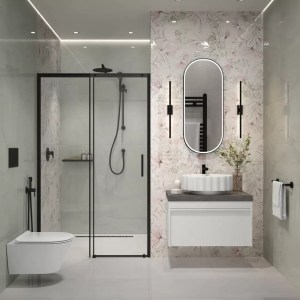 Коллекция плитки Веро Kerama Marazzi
━━━━━━━━━━
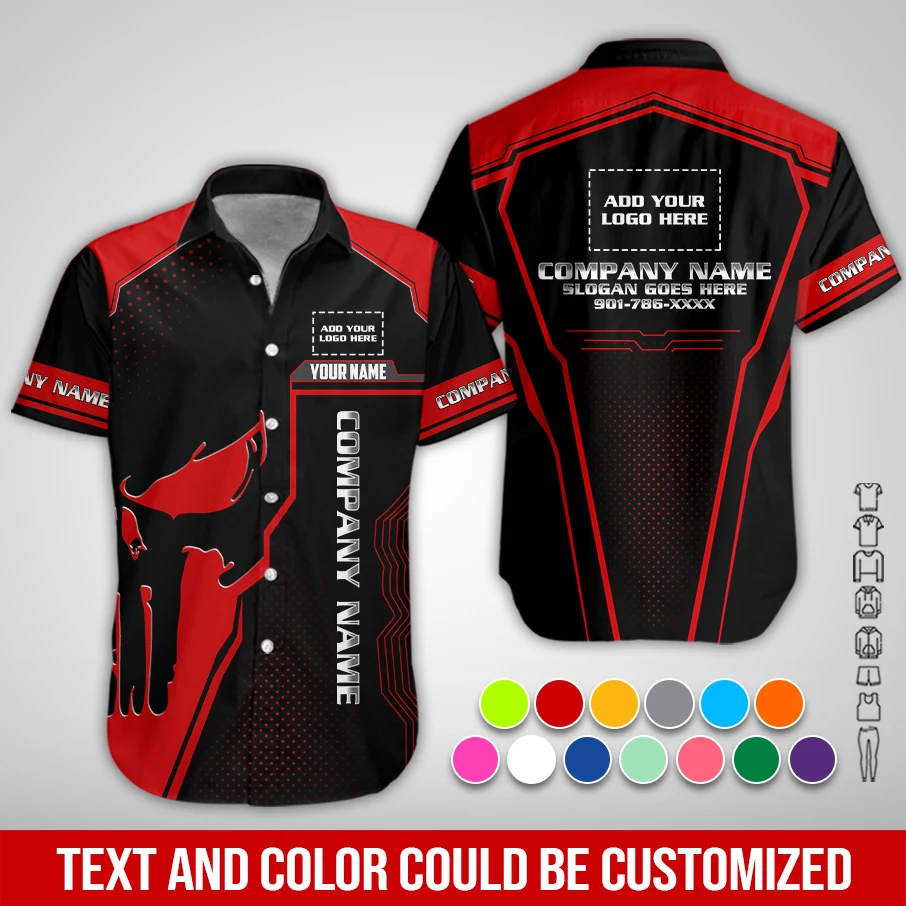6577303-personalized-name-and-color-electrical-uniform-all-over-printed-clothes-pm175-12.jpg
━━━━━━━━━━
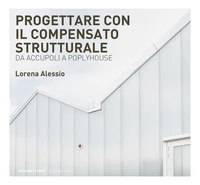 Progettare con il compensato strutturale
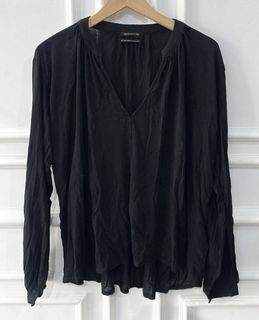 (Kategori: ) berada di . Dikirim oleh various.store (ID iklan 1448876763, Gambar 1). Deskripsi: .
━━━━━━━━━━
[Task to complete]: Starting at the line with "Progettare con il compensato strutturale" in the entries above, write out every line exactly until the line with "(Kategori: ) berada" has been written. Include no pictures and nothing more.

[Result for this task]:
 Progettare con il compensato strutturale
 (Kategori: ) berada di . Dikirim oleh various.store (ID iklan 1448876763, Gambar 1). Deskripsi: .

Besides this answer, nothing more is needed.